The scenario is that the 512gb M3 Ultra was validated for the Mac Studio, and in volume production for their servers, but a business decision was made to not offer more than a 256gb SKU for Mac Studio.

I don't think this happened, but it's absolutely not "literally impossible". Engineering takes time, artificial segmentation can be changed much more quickly.

forrestthewoods 475 days ago

From “internal only” to “delivered to customers” in 6 weeks is literally impossible.

jahewson 475 days ago

That's absurd. Fabing custom silicon is not something anybody does for a few thousand internal servers. The unit economics simply don't work. Plus Apple is using OpenAI to provide its larger models anyway, so the need never even existed.

brookst 475 days ago

Apple is positively building custom servers, and quantities are closer to the 100k range than 1000 [0]

But I agree they are not using m3 ultra for that. It wouldn’t make any sense.

0. https://www.theregister.com/AMP/2024/06/11/apple_built_ai_cl...

teknologist 473 days ago

That could be why they're also selling it as the Mac Studio M3 Ultra

bustling-noose 475 days ago

My thoughts too. This product was in the pipeline maybe 2-3 years ago. Maybe with LLMs getting popular a year ago they tried to fit more memory but it’s almost impossible to do that that close to a launch. Especially when memory is fused not just a module you can swap.

tgma 475 days ago

Your conclusion is correct but to be clear the memory is not "fused." It's soldered close to the main processor. Not even a Package-on-Package (two story) configuration.

See photo without heatspreader here: https://wccftech.com/apple-m2-ultra-soc-delidded-package-siz...
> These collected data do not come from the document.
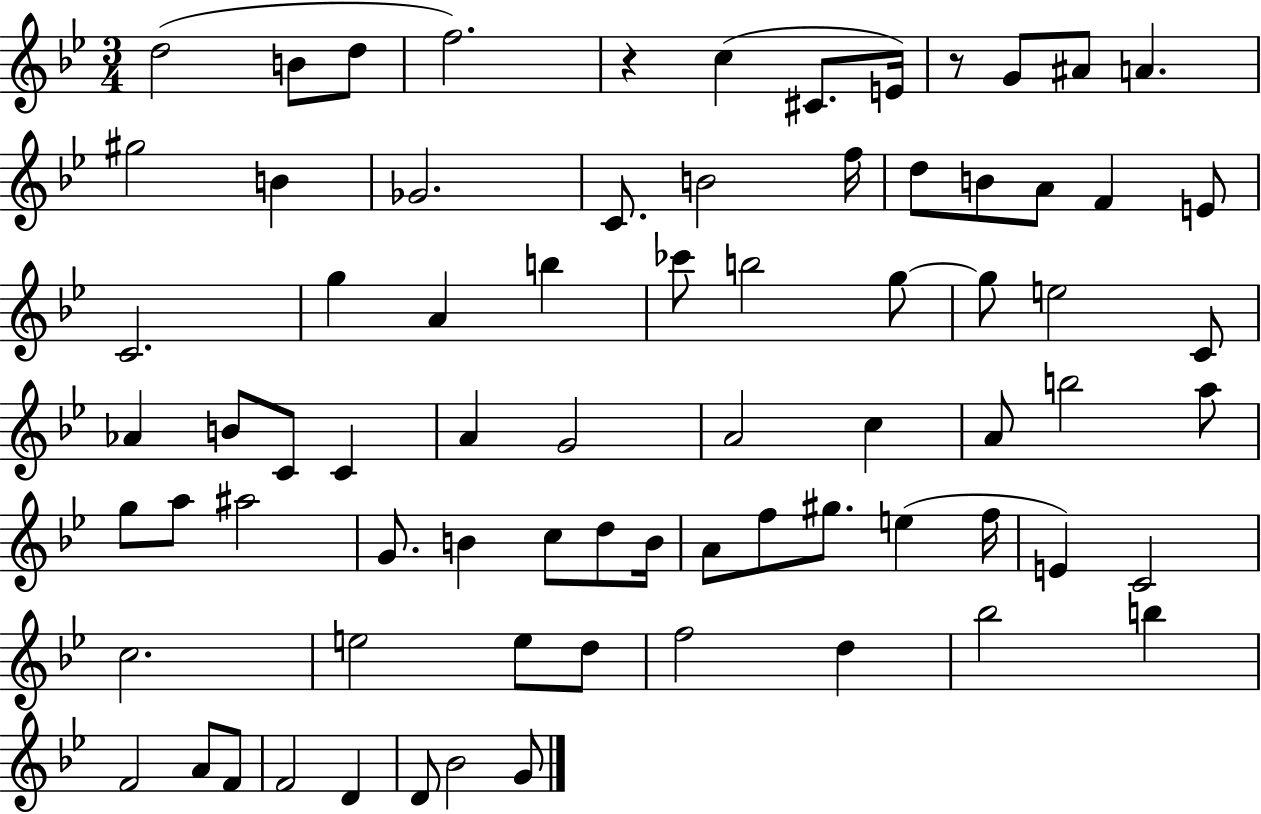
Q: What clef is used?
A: treble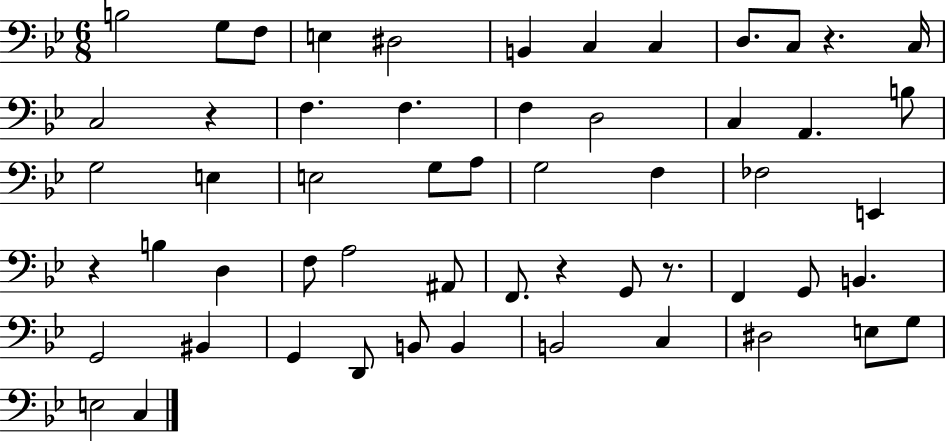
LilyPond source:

{
  \clef bass
  \numericTimeSignature
  \time 6/8
  \key bes \major
  b2 g8 f8 | e4 dis2 | b,4 c4 c4 | d8. c8 r4. c16 | \break c2 r4 | f4. f4. | f4 d2 | c4 a,4. b8 | \break g2 e4 | e2 g8 a8 | g2 f4 | fes2 e,4 | \break r4 b4 d4 | f8 a2 ais,8 | f,8. r4 g,8 r8. | f,4 g,8 b,4. | \break g,2 bis,4 | g,4 d,8 b,8 b,4 | b,2 c4 | dis2 e8 g8 | \break e2 c4 | \bar "|."
}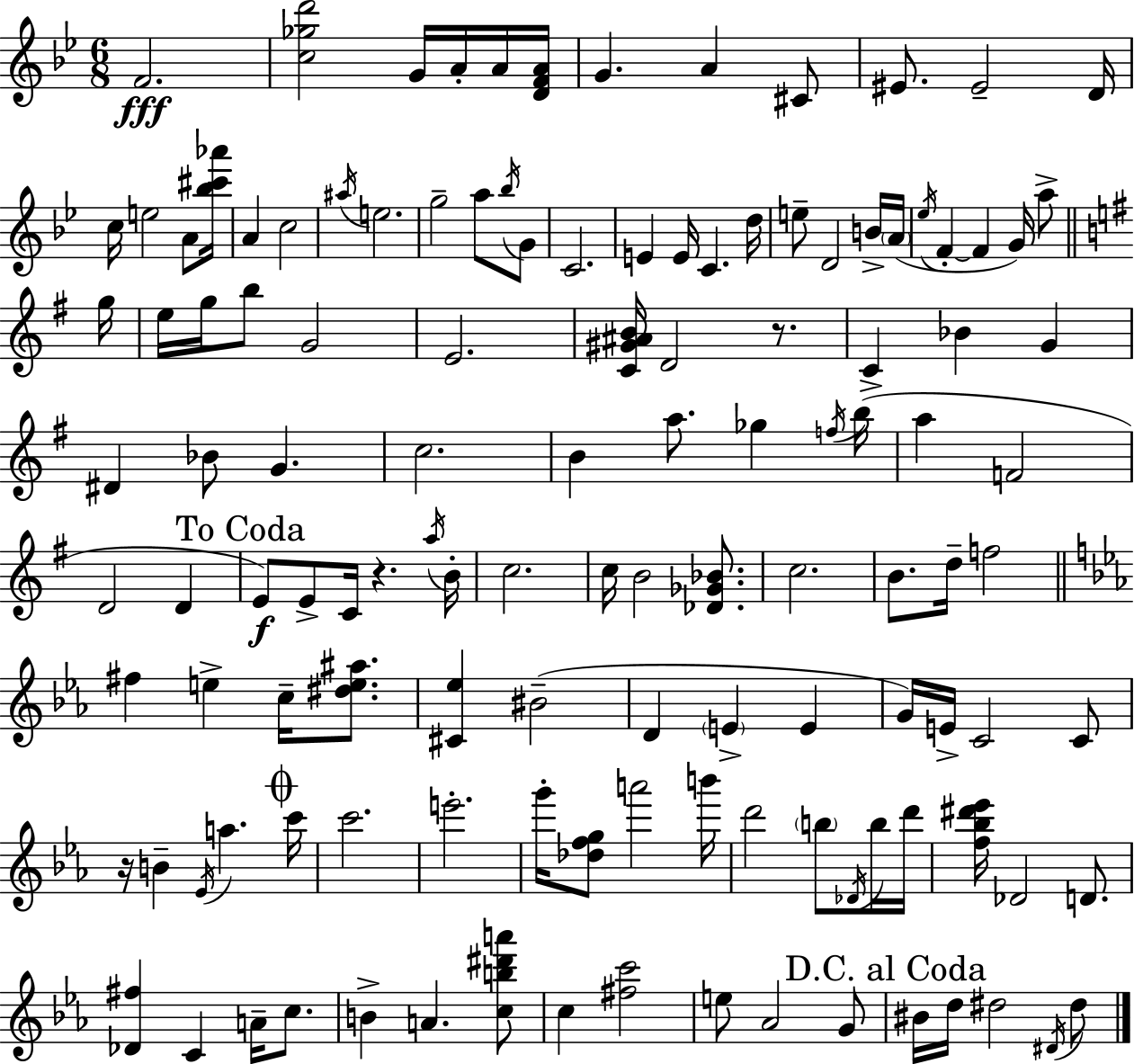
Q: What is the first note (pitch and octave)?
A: F4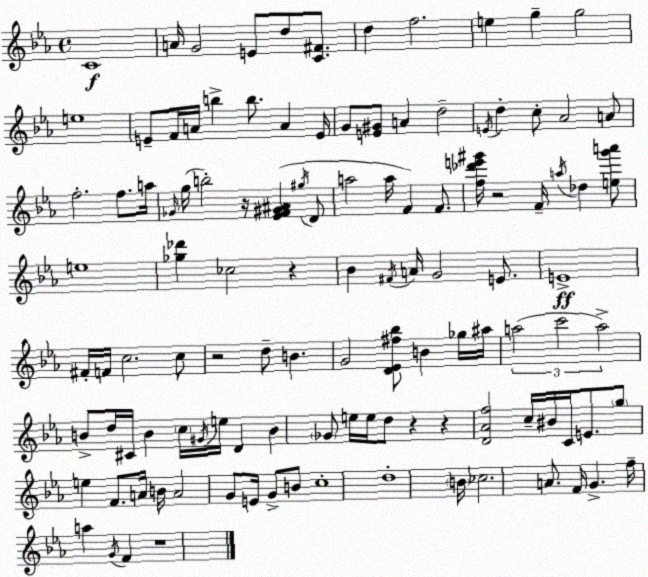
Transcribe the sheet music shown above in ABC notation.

X:1
T:Untitled
M:4/4
L:1/4
K:Cm
C4 A/4 G2 E/2 d/2 [C^F]/2 d f2 e g g2 e4 E/2 F/4 A/4 b b/2 A E/4 G/2 [E^G]/2 A d2 E/4 d c/2 _A2 A/2 f2 f/2 a/4 _G/4 g/4 b2 z/4 [_EF^G^A] ^g/4 D/2 a2 a/4 F F/2 [f_d'e'^g']/4 z2 F/4 a/4 _d [e^g'a']/2 e4 [_g_d'] _c2 z _B ^F/4 A/4 G2 E/2 E4 ^F/4 F/4 c2 c/2 z2 d/2 B G2 [D_E^f_b]/2 B _g/4 ^a/4 a2 c'2 a2 B/2 d/4 ^C/4 B c/4 ^G/4 e/4 D B _G/2 e/4 e/4 d/2 z z [D_Af]2 c/4 ^B/4 C/4 E/2 g/2 e F/2 A/4 B/4 A2 G/2 E/4 G/2 B/2 c4 d4 B/4 _c2 A/2 F/4 G f/4 a G/4 F z4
bustling-noose 473 days ago

I think by fuse I mean't its stuck on to the SOC module, not part of the SOC as I may have worded. While you could maybe still add NANDs later in the manufacturing process, it's probably not easy, especially if you need more NANDs and a larger module which might cause more design problems. The NAND is closer cause the controller is in the SOC. So the memory controller probably would also change with higher memory sizes which would mean this cannot be a last minute change.

fennecfoxy 471 days ago

Sheesh, the...comments on that link.

nightski 475 days ago

$10k to run a 4 bit quantized model. Ouch.
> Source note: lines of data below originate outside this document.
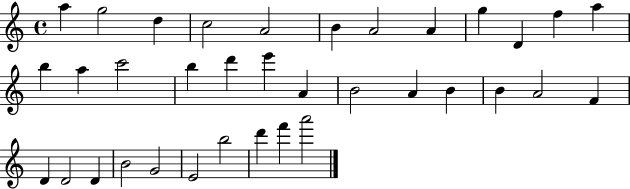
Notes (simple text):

A5/q G5/h D5/q C5/h A4/h B4/q A4/h A4/q G5/q D4/q F5/q A5/q B5/q A5/q C6/h B5/q D6/q E6/q A4/q B4/h A4/q B4/q B4/q A4/h F4/q D4/q D4/h D4/q B4/h G4/h E4/h B5/h D6/q F6/q A6/h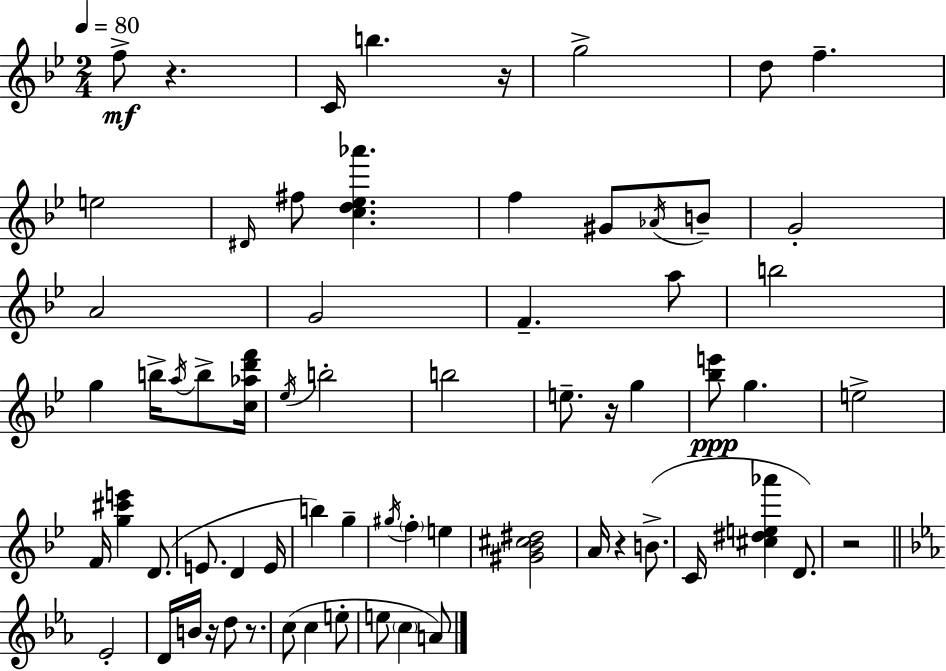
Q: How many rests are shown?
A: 7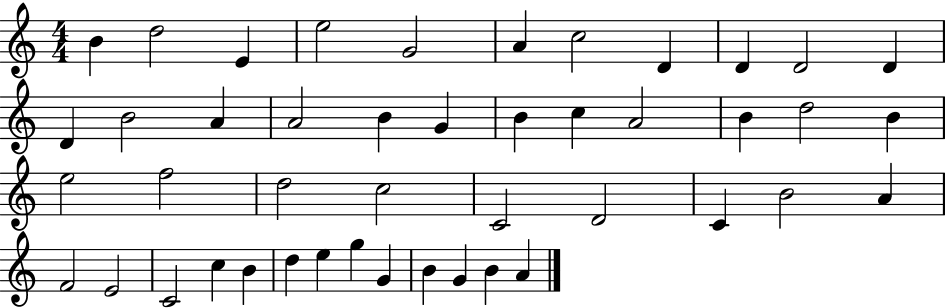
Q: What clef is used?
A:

OriginalMrPink 475 days ago

That's today. What about tomorrow?

water9 475 days ago

The M4 MacBook Pro 128GB can run a 32B perimeter model with an 8 bit quantized model just fine

jrflowers 474 days ago

> they specifically built this M3 Ultra for DeepSeek R1 4-bit.
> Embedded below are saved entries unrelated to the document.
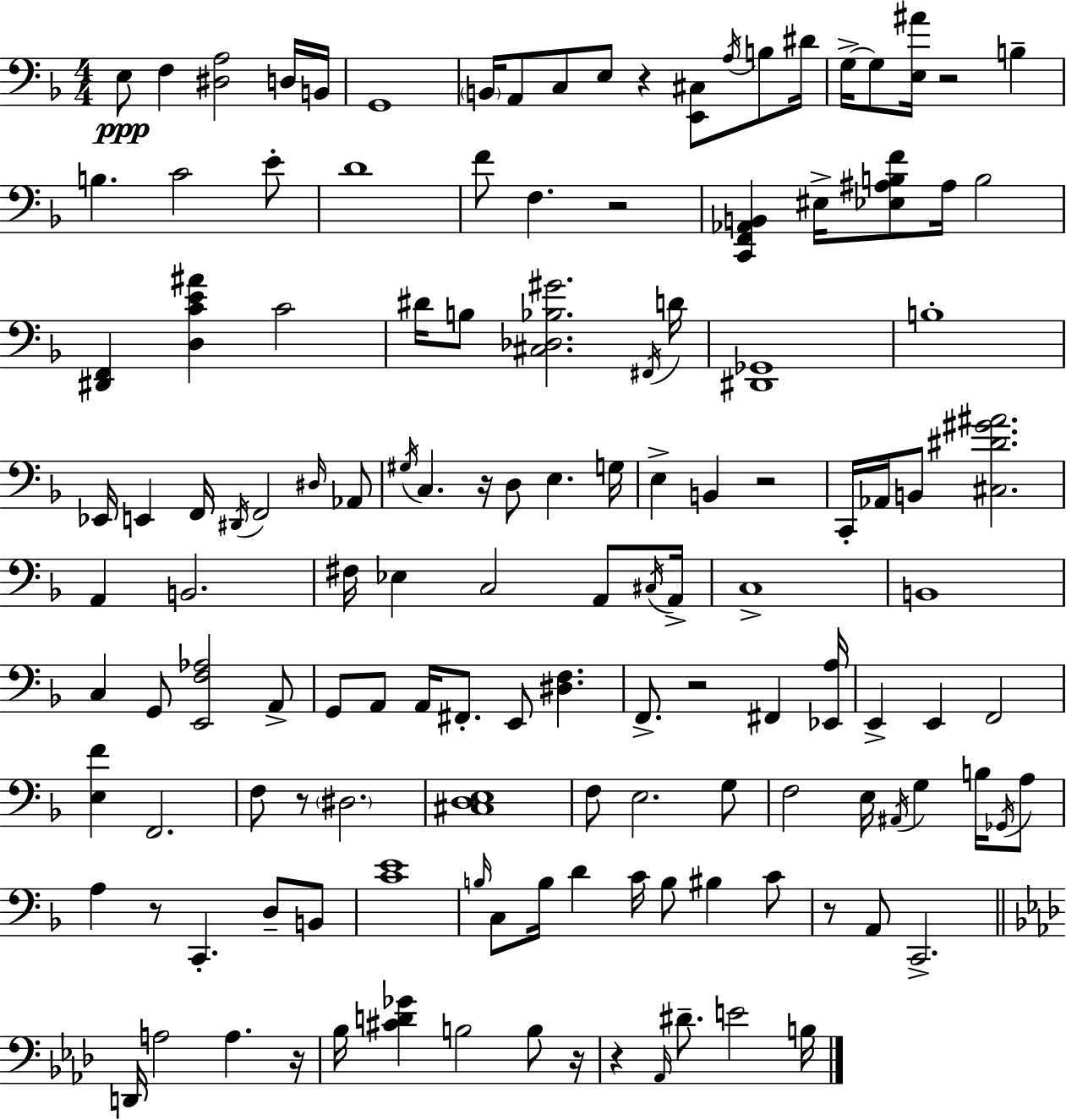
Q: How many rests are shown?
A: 12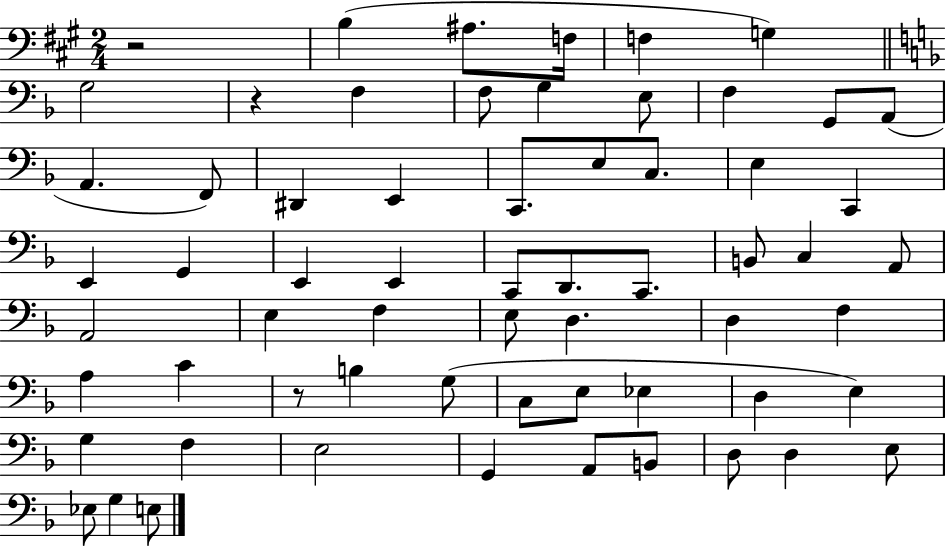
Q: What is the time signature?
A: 2/4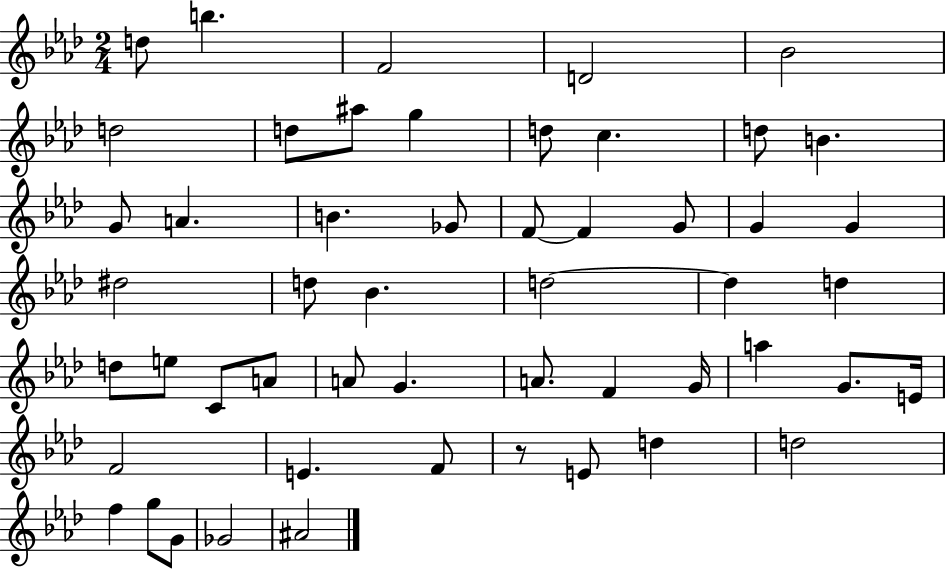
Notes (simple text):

D5/e B5/q. F4/h D4/h Bb4/h D5/h D5/e A#5/e G5/q D5/e C5/q. D5/e B4/q. G4/e A4/q. B4/q. Gb4/e F4/e F4/q G4/e G4/q G4/q D#5/h D5/e Bb4/q. D5/h D5/q D5/q D5/e E5/e C4/e A4/e A4/e G4/q. A4/e. F4/q G4/s A5/q G4/e. E4/s F4/h E4/q. F4/e R/e E4/e D5/q D5/h F5/q G5/e G4/e Gb4/h A#4/h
This makes sense. They started gluing M* chips together to make Mac Studios three years ago, which must have been in anticipation of DeepSeek R1 4-bit

a1o 475 days ago

Any ideas on power consumption? I wonder how much power would that use. It looks like it would be more efficient than everything else that currently exists.

j45 475 days ago

Looks like up to 480W listed here

https://www.apple.com/mac-studio/specs/

a1o 475 days ago

Thanks!!

ryao 475 days ago

The M2 Ultra Mac Pro could reach a maximum of 330W according to Apple:

https://support.apple.com/en-us/102839

I assume it is similar.

drited 476 days ago

I would be curious about context window size that would be expected when generating ballpark 20 to 20 tokens per second using Deepseek-R1 Q4 on this hardware?